Background
The question I set out to answer: What recurring findings of noncompliance surface across FERC's audits of electric utilities, and could that history one day predict the issues in a new filing?
The Federal Energy Regulatory Commission audits electric utilities, ISOs, and RTOs and publishes its final audit reports (FY2015–present) at ferc.gov/audits. Each one documents specific findings of noncompliance and the corrective recommendations that follow, which is useful to anyone navigating energy regulation, but it ships as one more standalone PDF in a pile of dozens, so the patterns across the corpus are invisible. My use case is to read those audits as a body of evidence: which findings keep coming back, what FERC recommends, and how it differs between financial (FA) and non-financial (PA) audits.

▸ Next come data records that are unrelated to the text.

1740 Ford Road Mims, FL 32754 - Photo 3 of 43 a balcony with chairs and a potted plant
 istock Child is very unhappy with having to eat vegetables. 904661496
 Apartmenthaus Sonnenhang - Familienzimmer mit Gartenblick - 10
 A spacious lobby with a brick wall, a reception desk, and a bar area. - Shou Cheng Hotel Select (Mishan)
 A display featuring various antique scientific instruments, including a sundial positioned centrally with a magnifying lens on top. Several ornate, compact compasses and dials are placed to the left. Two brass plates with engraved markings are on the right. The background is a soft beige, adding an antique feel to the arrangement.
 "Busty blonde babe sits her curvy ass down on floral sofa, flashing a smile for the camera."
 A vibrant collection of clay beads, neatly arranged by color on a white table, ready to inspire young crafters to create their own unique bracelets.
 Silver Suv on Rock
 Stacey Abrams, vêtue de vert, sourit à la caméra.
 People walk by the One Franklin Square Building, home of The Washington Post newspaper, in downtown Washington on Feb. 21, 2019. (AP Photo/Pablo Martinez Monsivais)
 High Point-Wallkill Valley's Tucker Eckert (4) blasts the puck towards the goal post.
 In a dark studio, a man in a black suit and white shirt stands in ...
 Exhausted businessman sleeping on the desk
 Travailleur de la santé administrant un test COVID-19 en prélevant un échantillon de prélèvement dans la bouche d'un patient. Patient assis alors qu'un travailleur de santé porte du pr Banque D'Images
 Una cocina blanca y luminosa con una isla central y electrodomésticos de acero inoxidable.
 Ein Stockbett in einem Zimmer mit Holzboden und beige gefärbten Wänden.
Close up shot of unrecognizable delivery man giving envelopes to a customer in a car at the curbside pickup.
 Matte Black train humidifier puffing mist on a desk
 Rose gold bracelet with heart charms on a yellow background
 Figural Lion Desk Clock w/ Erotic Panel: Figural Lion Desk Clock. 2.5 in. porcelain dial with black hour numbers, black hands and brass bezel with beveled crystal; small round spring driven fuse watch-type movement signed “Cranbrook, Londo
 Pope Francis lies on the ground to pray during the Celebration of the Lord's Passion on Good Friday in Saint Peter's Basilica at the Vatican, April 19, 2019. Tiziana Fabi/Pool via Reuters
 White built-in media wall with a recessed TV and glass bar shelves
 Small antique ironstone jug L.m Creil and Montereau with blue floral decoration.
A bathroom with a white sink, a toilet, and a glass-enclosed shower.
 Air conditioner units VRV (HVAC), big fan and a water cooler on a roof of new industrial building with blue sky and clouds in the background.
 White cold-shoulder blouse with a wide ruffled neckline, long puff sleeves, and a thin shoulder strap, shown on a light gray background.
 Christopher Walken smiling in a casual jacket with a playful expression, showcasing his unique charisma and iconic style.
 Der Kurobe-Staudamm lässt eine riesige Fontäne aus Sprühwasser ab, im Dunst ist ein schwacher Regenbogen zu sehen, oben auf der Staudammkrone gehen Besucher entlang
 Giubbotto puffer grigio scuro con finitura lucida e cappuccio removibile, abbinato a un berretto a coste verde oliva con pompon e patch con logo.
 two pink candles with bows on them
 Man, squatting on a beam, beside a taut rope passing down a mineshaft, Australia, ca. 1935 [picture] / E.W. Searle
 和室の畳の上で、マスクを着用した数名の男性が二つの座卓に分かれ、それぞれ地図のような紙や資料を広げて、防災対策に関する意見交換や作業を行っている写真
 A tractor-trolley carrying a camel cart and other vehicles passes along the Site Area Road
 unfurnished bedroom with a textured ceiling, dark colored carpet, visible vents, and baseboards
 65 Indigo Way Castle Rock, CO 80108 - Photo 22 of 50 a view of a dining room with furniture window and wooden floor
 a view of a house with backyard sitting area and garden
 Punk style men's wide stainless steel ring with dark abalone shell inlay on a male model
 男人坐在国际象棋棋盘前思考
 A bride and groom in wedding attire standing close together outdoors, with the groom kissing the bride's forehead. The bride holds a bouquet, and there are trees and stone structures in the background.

The longer-term goal is an "audit-my-document" tool that flags the likely issues in a new filing using patterns mined from this history.
How It Works
Every finding links straight back to the official FERC audit it came from. The tool surfaces what the reports already say and doesn't add anything on top. I vibe-coded the extraction-and-structuring pipeline and then pinned it down with a pytest suite so the parsing stays honest:
- Data sources: FERC's final audit reports (FY2015–present), all public, from ferc.gov/audits; a scraped index of 71 reports seeds a Python CLI pipeline (fetch → extract → structure → patterns → build) that downloads each PDF (rate-limited and cached) and classifies it by FERC form → industry to isolate the Form 1 (electric) subset: both financial (FA) and non-financial (PA) audits of electric utilities, ISOs, and RTOs. It then turns each PDF into per-page text and structures the findings of noncompliance, the corrective recommendations, and the cross-report themes. The pipeline is idempotent (re-runs skip cached downloads); v1 deliberately structures the most-recent electric reports as a proof of concept, with gas (Form 2) and oil (Form 6) reports classified but out of scope for now.
- Where it comes from: every record carries its source URL and capture date back to the official FERC report, so any finding can be traced to the audit it came from.
- UX: a static, vanilla HTML/CSS/JS site (no backend, no framework) that reads baked JSON and is deployed to GitHub Pages.